About this exercise:
Only the lines in the entries below from the line with "A Decorative Group" to the line with "1/2 piezas Lámpara", both included, belong in the answer, transcribed exactly and without pictures.

··· Records shown

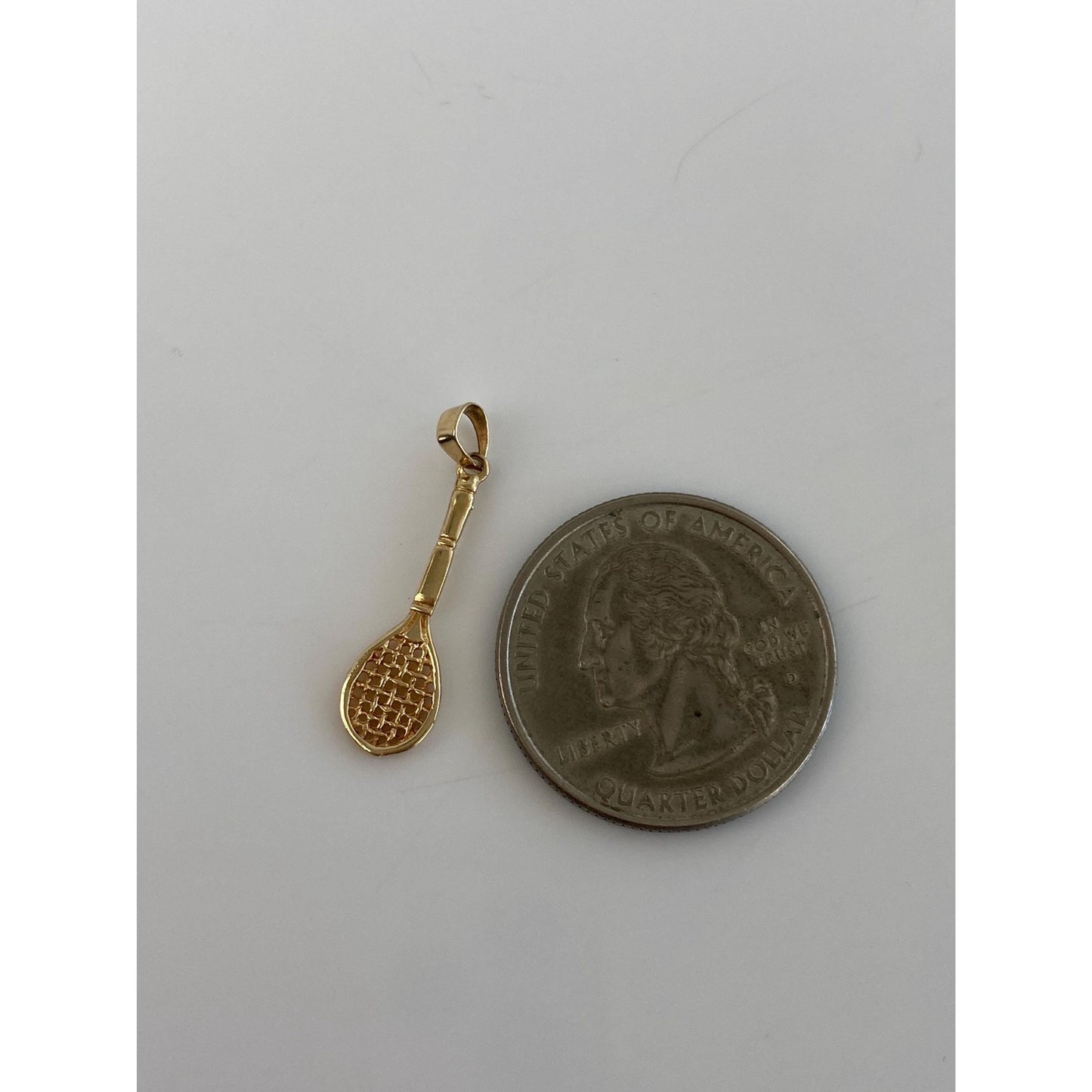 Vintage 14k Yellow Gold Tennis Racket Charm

······
··· Records shown

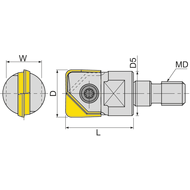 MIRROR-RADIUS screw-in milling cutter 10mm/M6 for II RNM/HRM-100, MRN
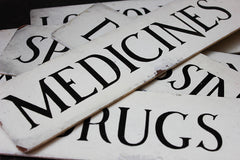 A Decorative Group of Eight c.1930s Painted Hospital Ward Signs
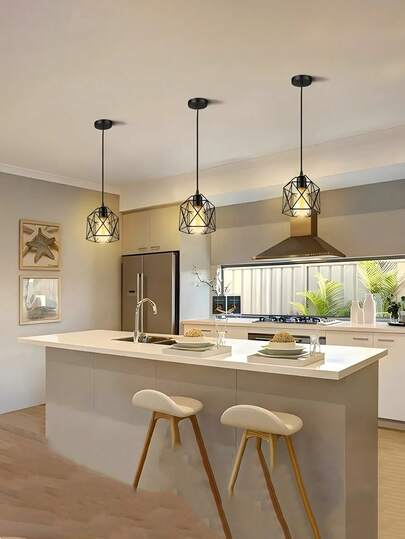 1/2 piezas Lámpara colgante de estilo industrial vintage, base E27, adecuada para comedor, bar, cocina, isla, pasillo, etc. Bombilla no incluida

······

Answer to the exercise:
 A Decorative Group of Eight c.1930s Painted Hospital Ward Signs
 1/2 piezas Lámpara colgante de estilo industrial vintage, base E27, adecuada para comedor, bar, cocina, isla, pasillo, etc. Bombilla no incluida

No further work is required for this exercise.